* DATA FOR PROCESSING
-- Opening Marker --

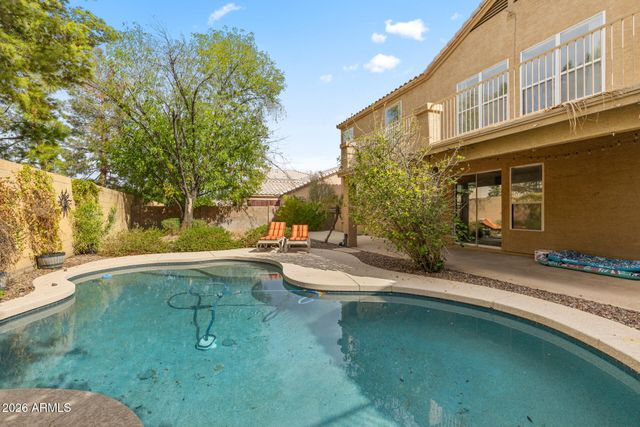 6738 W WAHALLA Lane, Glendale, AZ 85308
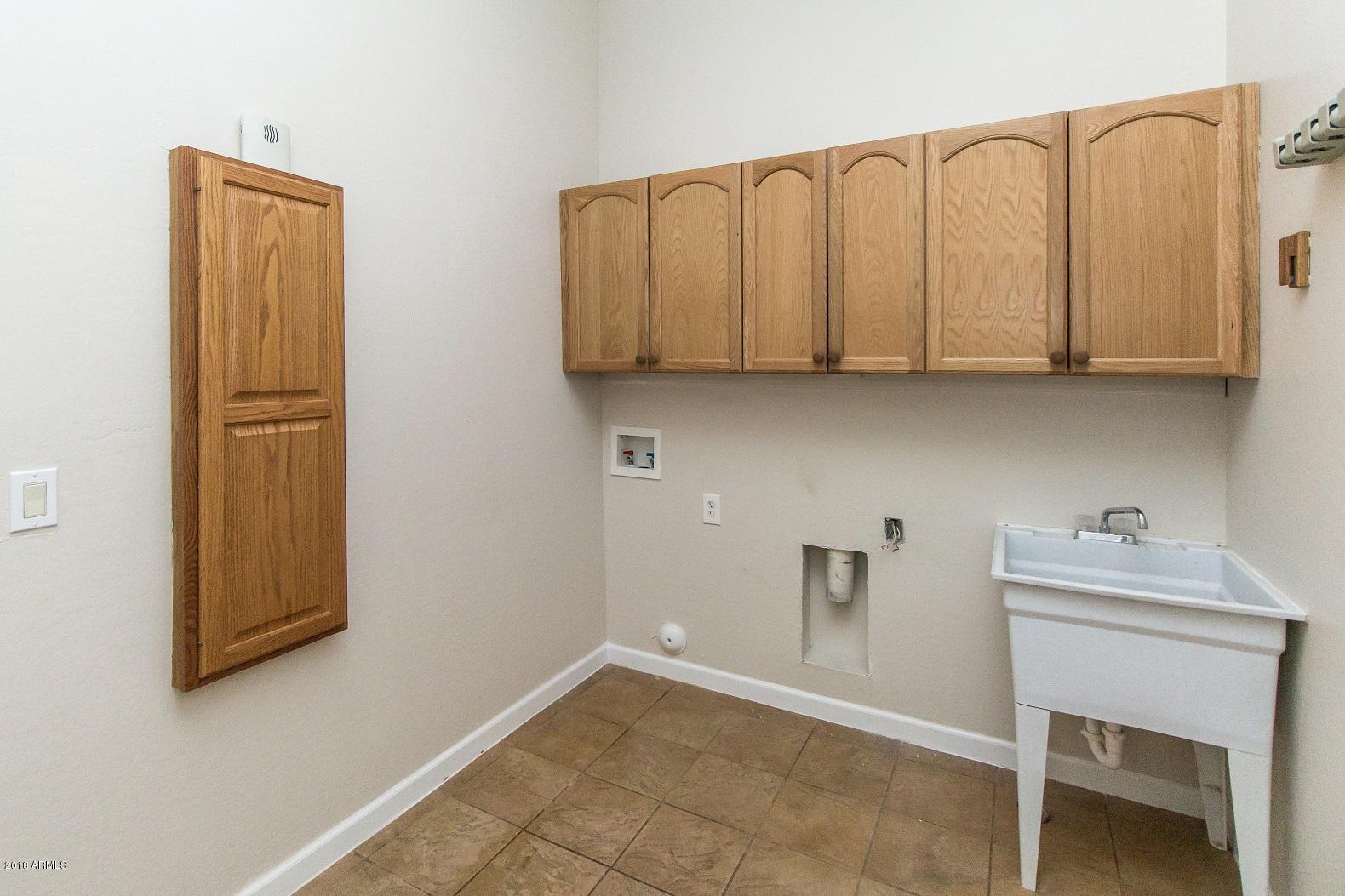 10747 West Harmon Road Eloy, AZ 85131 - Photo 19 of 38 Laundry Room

-- Closing Marker --
-- Opening Marker --

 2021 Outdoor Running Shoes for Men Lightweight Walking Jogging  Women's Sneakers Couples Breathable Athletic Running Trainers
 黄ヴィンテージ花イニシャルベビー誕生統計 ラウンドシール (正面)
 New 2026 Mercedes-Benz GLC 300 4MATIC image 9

-- Closing Marker --
-- Opening Marker --

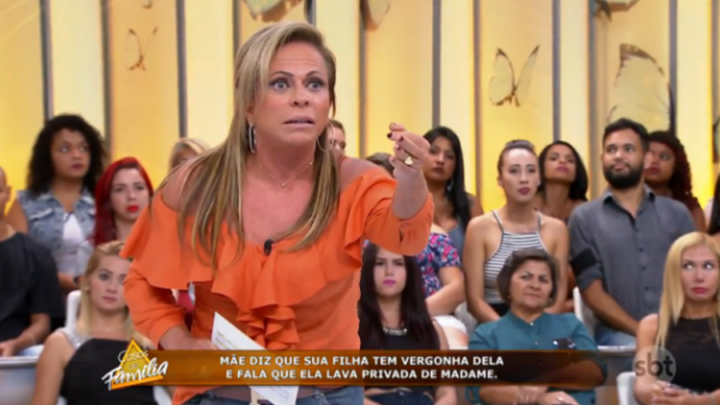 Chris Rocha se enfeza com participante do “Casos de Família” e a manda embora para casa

-- Closing Marker --

Go back to the listing above and write out the lines starting at the one with "6738 W WAHALLA Lane, Glendale, AZ 85308" and ending at the one with "10747 West Harmon", inclusive, exactly and without pictures.

* TASK SOLUTION
 6738 W WAHALLA Lane, Glendale, AZ 85308
 10747 West Harmon Road Eloy, AZ 85131 - Photo 19 of 38 Laundry Room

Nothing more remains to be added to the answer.